Seamos sinceros: a nadie le gusta tirar el dinero, pero muchas empresas lo hacen a diario sin darse cuenta. En el mundo Lean, a esto lo llamamos Muda (desperdicio), que es básicamente cualquier actividad por la que tu cliente diría: «Ni loco pago por eso».
Para que no te pase, aquí tienes los famosos 8 desperdicios, resumidos en el acrónimo DOWNTIME:
1. Defectos (El «¡Ups!»): Errores que obligan a reparar o tirar productos. En la oficina, es ese reporte con datos mal ingresados que te hace perder la tarde corrigiendo.
2. Sobreproducción (El «Por si acaso»): Hacer más de lo necesario o antes de tiempo. Es el «pecado capital» de Lean porque genera todos los demás desperdicios. ¡No hagas 100 copias si solo tienes 5 clientes!.
3. Espera (El «Modo Estatua»): Empleados o máquinas parados esperando información, firmas o materiales. Si tu equipo pasa más tiempo mirando la barra de carga que trabajando, tienes un problema.
4. Talento no utilizado (El «Genio Desaprovechado»): Tener a un experto en estrategia doblando cajas o ignorar las ideas de mejora de quienes están en el frente de batalla. Es el desperdicio de potencial humano más triste.
5. Transporte (El «Tour Innecesario»): Mover materiales o información de un lado a otro sin añadir valor. Si un documento viaja por cinco oficinas antes de ser aprobado, estás haciendo turismo burocrático.
6. Inventario (El «Síndrome de Diógenes»): Exceso de stock, archivos digitales acumulados o suministros que nadie usa.
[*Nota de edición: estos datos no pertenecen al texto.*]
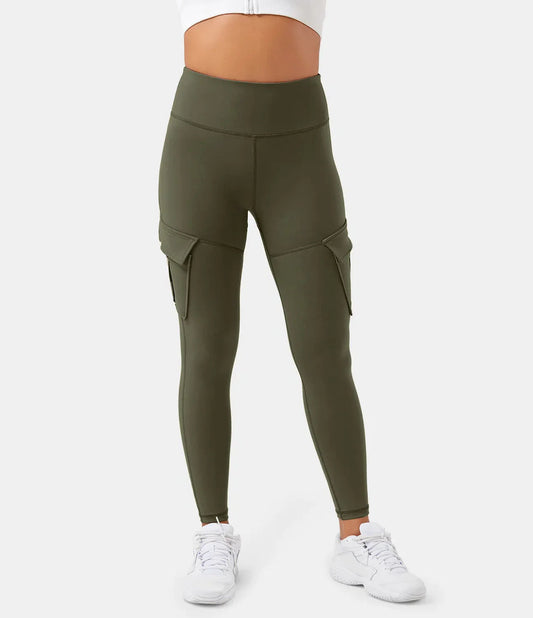 Dounia cargo leggings – een perfecte mix van stijl en functionaliteit. Met een comfortabele, rekbare pasvorm en strategisch geplaatste zakken voor extra gemak. Gemaakt van hoogwaardig nylon voor langdurig draagplezier. Ideaal voor dagelijks gebruik, sport of casual outfits. Verkrijgbaar in groen, zwart, roze, grijs en blauw, in maten XS-2XL. Bestel nu en ervaar ultiem comfort en veelzijdigheid!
El inventario no es un activo, es capital que se queda sentado cogiendo polvo.
7. Movimiento (Las «Olimpiadas del Trabajo»): Caminar, agacharse o buscar herramientas por un espacio mal organizado. Si tienes que caminar 20 metros para buscar una grapadora, estás haciendo ejercicio, no trabajo.
8. Sobreprocesamiento (El «Brillo Excesivo»): Hacer más de lo que el cliente pidió. No le pongas tres capas de pintura a una pieza que irá oculta; al cliente no le importa y a tu bolsillo sí.
¿Cómo empezar a limpiar? La mejor forma es un Gemba Walk o «Caminata de Desperdicios». Sal de tu escritorio, ve a donde ocurre la acción y observa con «ojos de desperdicio».